MENDOCINO Co., 11/16/21 — A debate has been raging for the past few months on whether Jackson Demonstration State Forest (JDSF) is being managed in the best way possible in the face of a drastically escalating climate crisis. On Monday, the Mendocino County Board of Supervisors decided to get involved and send a letter to the state, urging officials to review whether Cal Fire’s current management practices align with the state’s climate goals. Local staff say their work already aligns with those goals.

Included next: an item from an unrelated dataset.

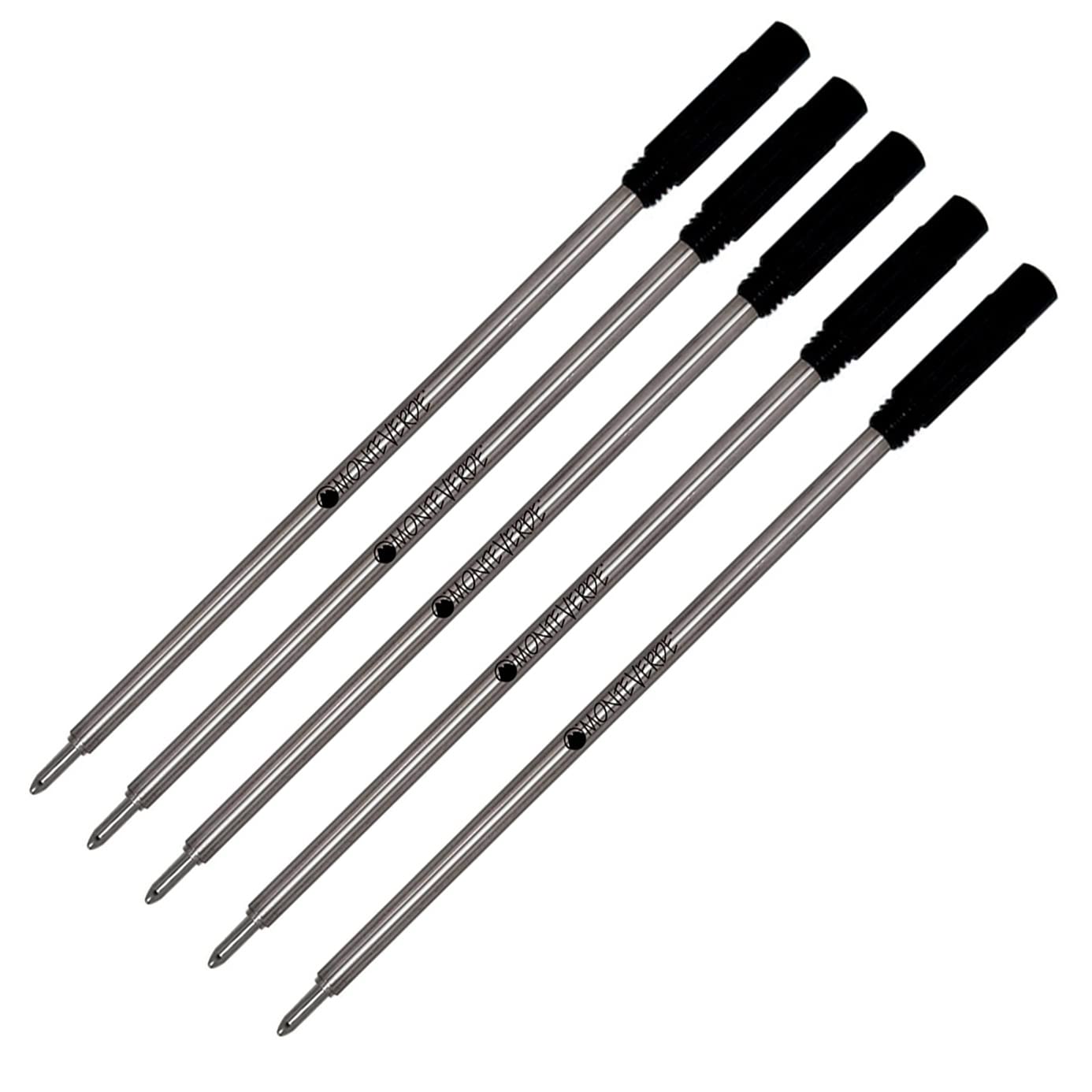 5 Pack - Monteverde Ballpoint Refill To Fit Cross Ballpoint Pens, Medium Point, Soft Roll, C13 (Bulk Packed) (Black)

After about two hours of discussion and a couple dozen public comments, the supervisors voted unanimously to send a letter to Gov. Gavin Newsom and the state Natural Resources Agency asking that Cal Fire’s current management of the forest be reviewed scientifically. Specifically, the resolution is asking state officials to:
- include the climate impacts of commercial logging on state land in its 30×30 plan to conserve 30% of the state’s land and waters by 2030;
- publish a scientific report on how the current management practices in the forest are impacting carbon sequestration capacity and wildfire resiliency, as well as how they might be impacted by other types of management;
- align the forest’s management goals with the state’s climate goals in a way that enhances the scientific, recreational and economic opportunities there.
“It was our hope to come up with a resolution that was pro-science,” said 5th District Supervisor Ted Williams, who brought the resolution forward with 4th District Supervisor Dan Gjerde. “Not anti-logging, not taking any one perspective, but pro-science.”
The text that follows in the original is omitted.